### WHAT IS EXPECTED:
Set the data down again, exactly as it appears below.

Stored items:
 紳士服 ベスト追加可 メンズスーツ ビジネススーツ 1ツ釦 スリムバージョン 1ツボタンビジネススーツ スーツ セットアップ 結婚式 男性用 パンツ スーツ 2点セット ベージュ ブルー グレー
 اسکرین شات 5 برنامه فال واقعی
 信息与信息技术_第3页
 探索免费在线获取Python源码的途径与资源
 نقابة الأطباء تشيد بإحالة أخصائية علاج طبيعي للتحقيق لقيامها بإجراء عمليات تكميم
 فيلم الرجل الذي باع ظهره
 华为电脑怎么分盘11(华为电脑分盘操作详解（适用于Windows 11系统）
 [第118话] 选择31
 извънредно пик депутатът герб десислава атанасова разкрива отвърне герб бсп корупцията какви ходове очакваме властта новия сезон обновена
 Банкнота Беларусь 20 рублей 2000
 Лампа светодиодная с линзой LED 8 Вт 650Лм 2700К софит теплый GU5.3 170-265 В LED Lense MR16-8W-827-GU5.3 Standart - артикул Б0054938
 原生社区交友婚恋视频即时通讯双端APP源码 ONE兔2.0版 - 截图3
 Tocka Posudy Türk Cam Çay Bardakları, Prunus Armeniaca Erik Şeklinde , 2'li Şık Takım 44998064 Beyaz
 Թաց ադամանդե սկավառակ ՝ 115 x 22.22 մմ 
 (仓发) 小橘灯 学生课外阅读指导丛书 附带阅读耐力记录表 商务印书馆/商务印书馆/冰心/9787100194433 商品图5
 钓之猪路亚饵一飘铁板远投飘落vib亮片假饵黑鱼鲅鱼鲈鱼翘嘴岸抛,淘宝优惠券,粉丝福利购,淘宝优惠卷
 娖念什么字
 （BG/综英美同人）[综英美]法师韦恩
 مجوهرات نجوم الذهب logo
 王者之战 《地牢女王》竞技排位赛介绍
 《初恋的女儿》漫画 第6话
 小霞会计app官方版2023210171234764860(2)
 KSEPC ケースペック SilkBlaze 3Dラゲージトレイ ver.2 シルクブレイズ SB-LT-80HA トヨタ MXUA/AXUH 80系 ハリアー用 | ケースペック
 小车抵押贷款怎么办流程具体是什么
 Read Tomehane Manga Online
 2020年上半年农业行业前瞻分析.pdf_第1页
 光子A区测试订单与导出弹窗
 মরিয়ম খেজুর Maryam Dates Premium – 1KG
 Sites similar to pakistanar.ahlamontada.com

### FINISHED TASK:
 紳士服 ベスト追加可 メンズスーツ ビジネススーツ 1ツ釦 スリムバージョン 1ツボタンビジネススーツ スーツ セットアップ 結婚式 男性用 パンツ スーツ 2点セット ベージュ ブルー グレー
 اسکرین شات 5 برنامه فال واقعی
 信息与信息技术_第3页
 探索免费在线获取Python源码的途径与资源
 نقابة الأطباء تشيد بإحالة أخصائية علاج طبيعي للتحقيق لقيامها بإجراء عمليات تكميم
 فيلم الرجل الذي باع ظهره
 华为电脑怎么分盘11(华为电脑分盘操作详解（适用于Windows 11系统）
 [第118话] 选择31
 извънредно пик депутатът герб десислава атанасова разкрива отвърне герб бсп корупцията какви ходове очакваме властта новия сезон обновена
 Банкнота Беларусь 20 рублей 2000
 Лампа светодиодная с линзой LED 8 Вт 650Лм 2700К софит теплый GU5.3 170-265 В LED Lense MR16-8W-827-GU5.3 Standart - артикул Б0054938
 原生社区交友婚恋视频即时通讯双端APP源码 ONE兔2.0版 - 截图3
 Tocka Posudy Türk Cam Çay Bardakları, Prunus Armeniaca Erik Şeklinde , 2'li Şık Takım 44998064 Beyaz
 Թաց ադամանդե սկավառակ ՝ 115 x 22.22 մմ 
 (仓发) 小橘灯 学生课外阅读指导丛书 附带阅读耐力记录表 商务印书馆/商务印书馆/冰心/9787100194433 商品图5
 钓之猪路亚饵一飘铁板远投飘落vib亮片假饵黑鱼鲅鱼鲈鱼翘嘴岸抛,淘宝优惠券,粉丝福利购,淘宝优惠卷
 娖念什么字
 （BG/综英美同人）[综英美]法师韦恩
 مجوهرات نجوم الذهب logo
 王者之战 《地牢女王》竞技排位赛介绍
 《初恋的女儿》漫画 第6话
 小霞会计app官方版2023210171234764860(2)
 KSEPC ケースペック SilkBlaze 3Dラゲージトレイ ver.2 シルクブレイズ SB-LT-80HA トヨタ MXUA/AXUH 80系 ハリアー用 | ケースペック
 小车抵押贷款怎么办流程具体是什么
 Read Tomehane Manga Online
 2020年上半年农业行业前瞻分析.pdf_第1页
 光子A区测试订单与导出弹窗
 মরিয়ম খেজুর Maryam Dates Premium – 1KG
 Sites similar to pakistanar.ahlamontada.com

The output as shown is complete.